There is one interesting little puzzle concerning Zelda that no biographer has explained, at least as far as I'm aware. She was noted for whispering a strange and cryptic remark as she was introduced to various people, namely "I hope you die in the marble ring!" This comment puzzled me for several years until the meaning suddenly emerged. In the bad old days before flush toilets were installed in the Deep South, the seats in the privies or outhouses of upper class people were made of marble, and you would carefully position your body over the marble opening or ring in order to perform your bodily functions. But imagine how terrible it would be if you slipped through the marble ring and tumbled into the pool of filth below to drown in horrible squalor. Thus Zelda was actually saying, I hope you drown in sewage!
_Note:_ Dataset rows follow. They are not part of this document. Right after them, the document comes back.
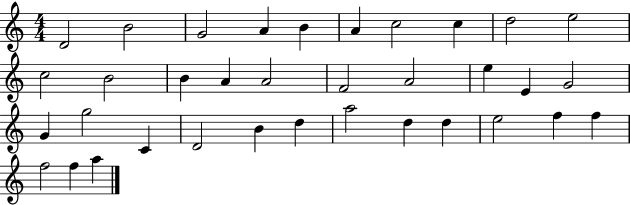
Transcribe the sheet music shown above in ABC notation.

X:1
T:Untitled
M:4/4
L:1/4
K:C
D2 B2 G2 A B A c2 c d2 e2 c2 B2 B A A2 F2 A2 e E G2 G g2 C D2 B d a2 d d e2 f f f2 f a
This is a very crude and vulgar remark, and it reveals the essential simplicity of Zelda's "country" upbringing which occurred in a strikingly unsophisticated rural environment as compared to the cosmopolitan New York society into which Scott dragged her. Perhaps it was the challenge of coping with the complexities of New York that initiated her downfall. No matter how many fountains she danced in, she was still a simple country girl and very much a fish out of water. Was Caligula actually the last Borgia pope? She didn't really know, and she must have been snubbed and mocked and insulted many, many times for her lack of education and culture. When Scott took her to France, she must have felt even more out of place. If we want to identify the triggering trauma that set off Zelda's mental decline, the shock of dealing with a sophisticated urban environment is as likely a candidate as anything else I can think of. It may also have helped to destroy Scott, but that's another problem altogether.
★ ★ ★ ☆ ☆
maryjoy
There are many problems with this book. Zelda was not a very likable woman. The first part of the book was interesting, but Zelda was narcissistic and evoked no compassion from me. It was difficult to understand why Scott Fitzgerald would want to marry her. Fitzgerald was an abusive alcoholic. Zelda and Fitzgerald had a very dysfunctional relationship, and it's difficult to read over 400 pages of a train wreck.
In my opinion, the book should have been at least 200 pages shorter. Most annoying, Nancy Milford summarizes Zelda's writing chapter by chapter, and the result is tedious as Zelda rambled. Milford summarized Scott's writing also, and I found that annoying as well. Way too much information.
★ ★ ★ ★ ★
julie vaden
Professor Milford wrote this biography of Zelda Fitzgerald as her master's thesis. Published in 1970, it was considered for the Pulitzer Prize and the National Book Award. Robert Osborne discussed the dynamics of the Fitzgeralds' relationship, and mentioned the book on TCM as the single account that shed some light on Zelda's creativity and squashed potential, rather than Zelda as merely mentally ill, with poor F. Scott, struggling to maintain. Milford reports the facts, which I appreciate in a biography. The professor's research is phenomenally well-structured, with plenty of anecdotal accounts of the history and life of the couple. The searing trajectory of Zelda Sayre is too bright for mortal eyes, like a nova. Destined for greatness with mutual admission, the Fitzgeralds were interchangeably committed to implosion. Together, Zelda and F. Scott were burned by a hyperbright 3rd chakra. Manipura, "Lustrous Gem" - its issues are personal power, self-esteem, willfullness and energy. Overshadowed is 2nd Chakra with its manifestation of creativity, emotion and relationships. Dimmed as well is 4th Chakra - acceptance, trust, compassion and love. Doubting, jealous, self-absorbed and deeply willful and energetic, the Fitzgeralds careened through the 20s and 30s, clutching for the keys to the kingdom they had imagined for themselves. Creative coupling is mercurial: drop either partner's dreams on the floor and only magic can reconnect the globules. And Zelda's dreams were definitively dashed. Narcissistic, driven, wildly creative, self-absorbed and destructive: in combination brilliant and doomed. F. Scott was an emotional and artistic thief and a cruel coward to boot; aided and abetted by publishers and certain acquaintances. Double helix of malfunctioning emotional DNA. Brilliant, creative and doomed.
★ ★ ★ ★ ★
karen eckberg
Born in Montgomery, Alabama, Zelda Sayer Fitzgerald (1900-1948) was regarded as a rather eccentric character from an early age, a child, teenager, and woman who had no qualm in acting on impulses that frequently flew in the face of all that was regarded as proper in the pre-feminist era. At the time such behaviors launched her to fame as the embodiment of the Roaring Twenties, but given knowledge of family history and the benefit of hindsight, they now seem percursors to the descent into insanity that marked her adult life and for which she is now best known.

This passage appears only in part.